また、浅草寺のほおずき市が始まったきっかけは、ある年の愛宕神社のほおずき市の日に、大雨が降って鬼灯が沢山売れ残ってしまい、浅草寺の「四万六千日」で売れば無駄にならない!と思いついた人が「四万六千日」に屋台を出したことだという説もあります。
浅草寺のほおずき市も愛宕神社と同じく大好評で、以後毎年ほおずき市が立つようになったのだそうです。
江戸時代から続く浅草寺のほおずき市は夏の風物詩であり、風鈴や食べ物の屋台なども立ち並ぶので、毎年多くの参拝客で賑わっています。
おすすめ!商品紹介
紙風船のような可愛らしい形で、「心の平安」や「自然美」などの良い花言葉があり、「無病息災」の縁起ものとされている鬼灯は、小物や洋服などのモチーフとしても親しまれています。

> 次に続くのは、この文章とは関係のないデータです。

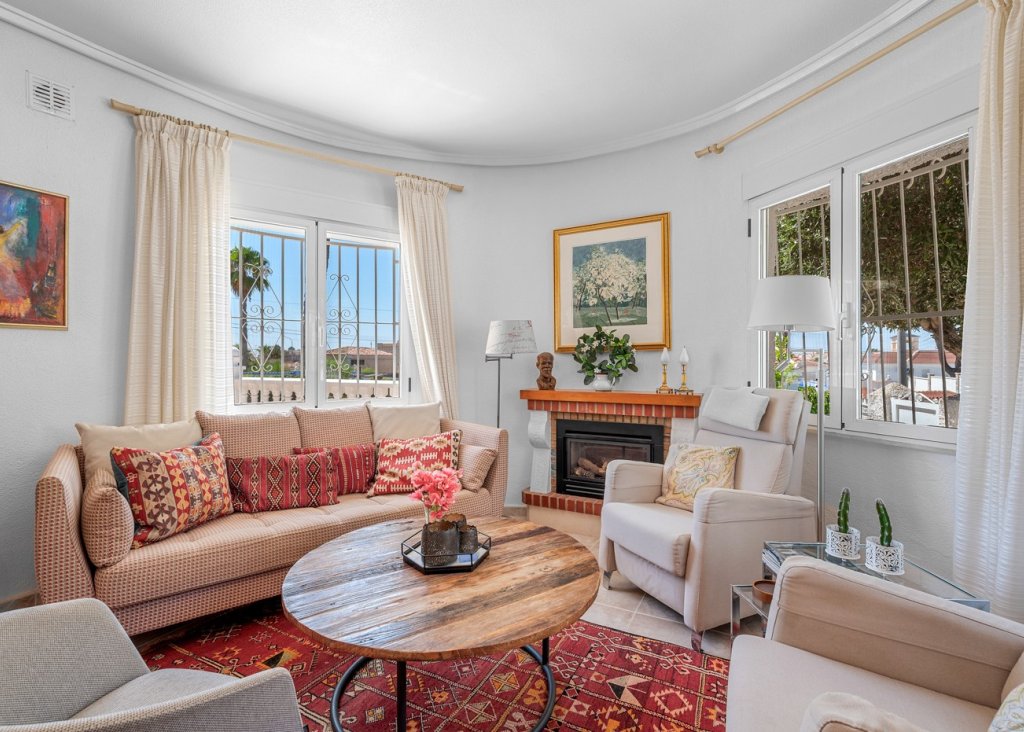 Venta - Chalet - Ciudad Quesada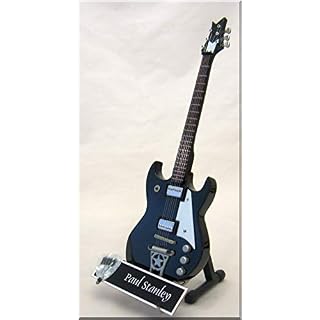 PAUL STANLEY Guitare Miniature avec médiator KISS - Les Beatles, Paul McCartney, John Lennon, RIngo Starr, George Harrison PAUL STANLEY Guitare Miniature avec médiator KISS – Image 2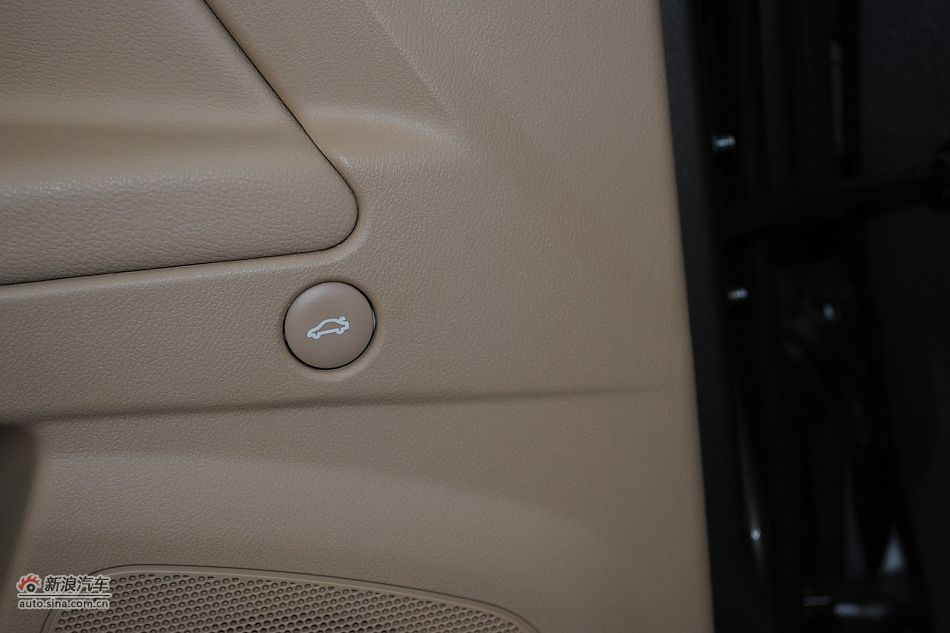 车辆外观及细节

ここでは、おすすめの鬼灯モチーフの服を紹介していきましょう。
鬼灯羽織付きワンピース
鬼灯の柄を大胆に描いたワンピースと羽織のセットです。
ストンとしたロングワンピースに大ぶりな鬼灯が描かれていますが、余白も大きいためとても上品で凛とした着物のようなデザインとなっています。

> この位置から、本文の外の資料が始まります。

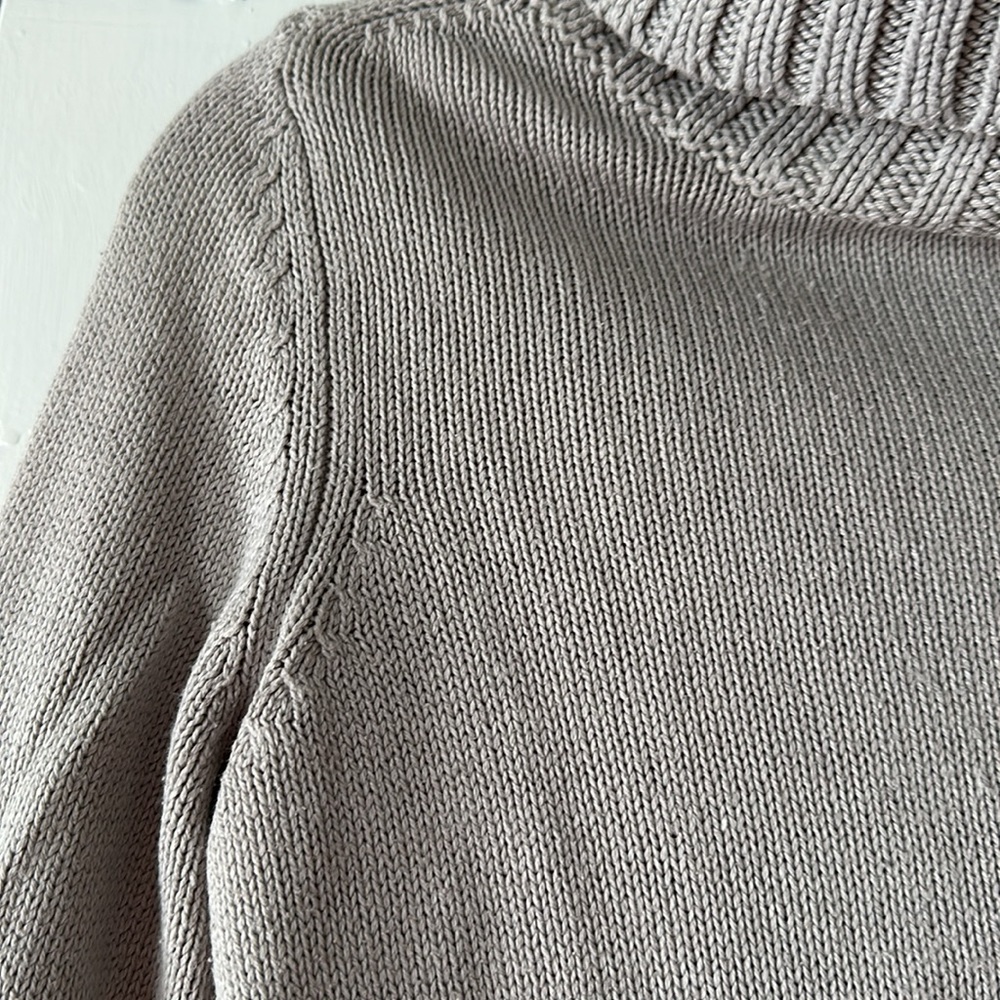 Grey turtleneck - Picture 5 of 8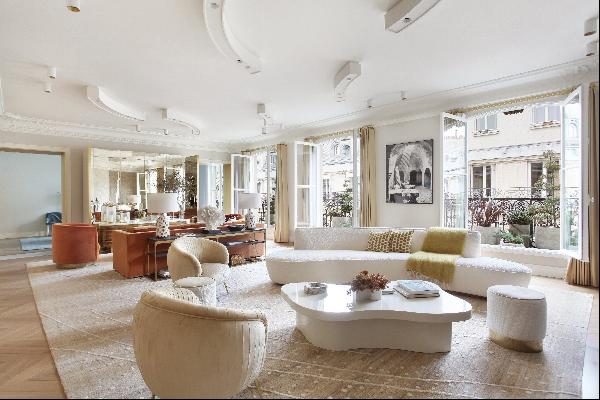 Paris 8th District An exceptional apartment in a prime location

肌触りの良いレーヨン素材で軽やかなので、手軽に和装気分が味わえます。
羽織は無地でUVカット加工されており、着物のように丈が長いデザインなので、他の洋服や着物にも合わせやすくておすすめです。
暗がりワンピースPP HOZUKI
鬼灯の柄を、現代的な色彩で大胆に描いたワンピースです。
襟元が着物のような形でウエストを紐でくくるデザインは着物のようでもありロングドレスのようでもあるため、着物風の羽織やジャケットなどを合わせて和洋両方のオシャレを楽しめます。
鬼灯の花言葉は実の形や毒にも薬にもなる特性が由来
鬼灯は、夏に実(蕚)が色づき、ほおずき市やお盆に飾る風習などから夏の風物詩なっています。
日本では昔から鬼灯を観賞用としてだけでなく、民間薬として利用されてきましたが、摂取する量が多いと毒にもなるアルカロイドという成分が多く含まれている怖い植物でもあります。
そのため、鬼灯の花言葉は良い意味のものだけでなく怖い意味のものも付けられたのです。
また、最近は日本でも食用の鬼灯が販売されるようになったので、機会があればぜひ味わってみてください。